Il discorso critico di Migliorini secondo Roberto Paolo Malaspina
Un tema altrettanto importante per lo sviluppo delle ricerche estetiche di Migliorini è quello del discorso critico: come lo affronta e come si ricollega alla sua riflessione sull’arte contemporanea?
La critica d’arte è forse il principale oggetto d’analisi del volume e, probabilmente, di tutto il percorso filosofico di Migliorini dedicato alle arti. Leggendo il testo per la prima volta, mi è sembrato che l’autore descrivesse una vera e propria coreografia fra arte e critica. Esse si rincorrono, si sfidano, e proprio in questa tensione risiede la potenza dell’arte presa in esame dall’autore. La critica, in difficoltà di fronte a opere come un cubo di Tony Smith, perde gli strumenti che tradizionalmente le sono stati conferiti. Essa non potrà che ricorrere alla tautologia, proprio perché l’oggetto artistico a cui si rivolge sembrerebbe aver raggiunto quel “grado zero della ‘significazione’” per cui il ricorso a elementi discorsivi – come appunto quelli della critica tradizionale – apparrebbero inutili o, quantomeno, poco efficaci. Allo stesso tempo però l’arte minimal e conceptual, tra le principali correnti analizzate da Migliorini, derivano la loro potenza espressiva esattamente da quella stessa tensione, in un chiasma costante con l’apparato linguistico della critica, senza il quale, paradossalmente, la loro carica estetico-artistica verrebbe meno.
Uno degli insegnamenti che può essere tratto dal libro è che il discorso sull’arte richiede un costante rinnovamento, esito che sembra rivelare anche una sorta di simmetria con la stessa condizione che caratterizza le arti: la loro continua mutevolezza. Che cosa ne pensi?
Sono molto d’accordo. La coreografia fra arte e critica sembra proprio descrivere questo tipo di movimento. Quello di ‘arte’ è per eccellenza un concetto mutevole. Essa è storica, come ogni categoria critica o estetica, nel senso che è soggetta ai parametri mutevoli che caratterizzano un determinato perimetro sociale, politico e geografico. “Uno dei compiti principali dell’arte è sempre stato quello di creare esigenze che al momento non è in grado di soddisfare”, recitava il celebre motto di Walter Benjamin. E tra queste esigenze, come ci dimostra il volume, vi è anche quella di interrogare costantemente quei dispositivi apparentemente extra-artistici (le istituzioni, la storia, la critica) che compartecipano alla definizione del concetto di arte stessa.
Andando ancora più in profondità, anche la riflessione che Migliorini formula sul valore – pur essendo primario, libero da motivazioni, ha comunque delle ragioni alla sua base – rivela quella tensione nel procedimento valutativo che prima di essere di dominio della dissertazione teorica apparterrebbe già al dibattitto che anima le stesse poetiche degli artisti.
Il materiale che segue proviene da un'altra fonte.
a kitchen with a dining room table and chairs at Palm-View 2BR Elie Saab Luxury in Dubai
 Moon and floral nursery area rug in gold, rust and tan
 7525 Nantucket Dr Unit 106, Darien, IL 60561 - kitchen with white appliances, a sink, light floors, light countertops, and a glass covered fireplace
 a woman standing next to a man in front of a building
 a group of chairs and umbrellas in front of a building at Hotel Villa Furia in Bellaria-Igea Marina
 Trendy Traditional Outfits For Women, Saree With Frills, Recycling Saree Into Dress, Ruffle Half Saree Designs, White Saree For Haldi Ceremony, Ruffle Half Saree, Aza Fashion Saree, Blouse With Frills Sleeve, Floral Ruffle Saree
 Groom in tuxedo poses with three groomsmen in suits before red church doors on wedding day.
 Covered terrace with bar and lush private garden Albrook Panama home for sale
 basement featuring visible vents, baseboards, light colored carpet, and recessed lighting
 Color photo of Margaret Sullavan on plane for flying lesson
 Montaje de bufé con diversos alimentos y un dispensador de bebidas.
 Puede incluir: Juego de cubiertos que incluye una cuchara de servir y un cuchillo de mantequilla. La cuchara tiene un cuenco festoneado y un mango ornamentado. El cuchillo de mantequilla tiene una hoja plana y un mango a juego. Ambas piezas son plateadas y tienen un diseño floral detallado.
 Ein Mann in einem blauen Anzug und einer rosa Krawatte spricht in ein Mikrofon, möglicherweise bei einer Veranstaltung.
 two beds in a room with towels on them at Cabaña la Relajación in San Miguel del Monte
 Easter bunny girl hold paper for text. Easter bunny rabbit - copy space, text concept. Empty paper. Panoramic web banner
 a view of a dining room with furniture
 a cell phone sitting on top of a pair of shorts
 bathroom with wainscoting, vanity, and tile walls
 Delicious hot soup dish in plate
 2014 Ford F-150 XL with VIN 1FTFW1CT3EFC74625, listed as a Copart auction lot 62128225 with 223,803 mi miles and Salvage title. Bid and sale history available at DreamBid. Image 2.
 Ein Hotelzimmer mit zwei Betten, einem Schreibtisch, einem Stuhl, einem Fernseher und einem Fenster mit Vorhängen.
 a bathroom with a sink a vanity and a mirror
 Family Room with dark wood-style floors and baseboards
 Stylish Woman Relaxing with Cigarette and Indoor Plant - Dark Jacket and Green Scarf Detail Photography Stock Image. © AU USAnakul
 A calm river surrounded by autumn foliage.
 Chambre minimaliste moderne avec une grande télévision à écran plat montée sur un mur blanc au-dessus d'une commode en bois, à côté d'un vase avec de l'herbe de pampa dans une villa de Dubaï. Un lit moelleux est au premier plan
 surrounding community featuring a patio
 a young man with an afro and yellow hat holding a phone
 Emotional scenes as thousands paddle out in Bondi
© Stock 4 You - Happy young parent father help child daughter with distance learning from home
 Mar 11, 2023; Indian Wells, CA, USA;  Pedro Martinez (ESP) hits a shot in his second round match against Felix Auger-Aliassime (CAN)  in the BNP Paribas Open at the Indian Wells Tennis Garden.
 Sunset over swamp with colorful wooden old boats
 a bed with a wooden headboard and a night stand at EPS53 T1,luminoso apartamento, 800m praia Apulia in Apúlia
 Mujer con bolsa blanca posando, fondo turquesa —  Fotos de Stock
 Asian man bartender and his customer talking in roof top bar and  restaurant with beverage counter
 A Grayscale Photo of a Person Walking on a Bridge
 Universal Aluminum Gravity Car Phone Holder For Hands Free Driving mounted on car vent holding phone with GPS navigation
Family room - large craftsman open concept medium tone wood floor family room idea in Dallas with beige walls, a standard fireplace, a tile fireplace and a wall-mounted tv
Il testo di Migliorini potrebbe essere letto anche come un saggio sullo sconfinamento. Gli artisti analizzati, e ulteriormente approfonditi nel successivo Conceptual art (1972; 2014), fanno dell’appropriazione dei metodi della filosofia un punto centrale della loro pratica. Nella prefazione ho cercato di rendere questo concetto con una metafora architettonica: Duchamp e i suoi eredi occupano l’edificio estetico, ne rubano le metodologie e, così facendo, ne mettono in discussione la struttura portante. L’arte del decennio degli anni Sessanta produce proprio queste forme di appropriazione che determinano una fluidificazione disciplinare essenziale, come del resto acutamente prevede Migliorini, per gli sviluppi dell’arte futura.
Lo scolabottiglie di Duchamp ha una sua specificità: si basa sulla fruttuosa combinazione di analisi filosofica e riflessione critica sulle arti. A tuo modo di vedere, guardando al futuro, quali possono essere gli esiti che offre la ripresa di questo approccio rispetto alle ricorrenti trasformazioni delle arti?
Lo scolabottiglie di Duchamp è un testo direi storicizzato. Questo però non toglie alcun merito a Migliorini e alla sua estrema attualità. Io credo che una crasi metodologica come quella proposta nel volume sia oggi assai rara. Le motivazioni sono molteplici, dall’evoluzione dell’art world all’influenza della post-modernità sull’ontologia dell’arte e sulle pratiche artistiche. Quello che penso sia però importante oggi, sia nella lettura de Lo scolabottiglie di Duchamp, sia nella ripresa delle sue metodologie, è che entrambe ci permettono di rifocalizzare un problema: chi e come decide cos’è arte? La questione potrebbe apparire polverosa ad alcuni, ma ritengo che testi come questo aiutino la lettrice e il lettore contemporanei ad acquisire degli strumenti essenziali per rispondervi. Una domanda che, anche se apparentemente i giorni dello shock critico per un ready-made sono finiti, continua a dover essere posta. Chi da voce, spazio e tempo a determinate espressioni piuttosto che ad altre, perché e con quale logica? Lungi dal proporre una posizione nostalgica, credo però che tornare alle basi filosofiche del problema possa aiutare a concepire una critica più consapevole e con strumenti inediti per una lettura del presente artistico dall’alto potenziale politico, oltre che teorico.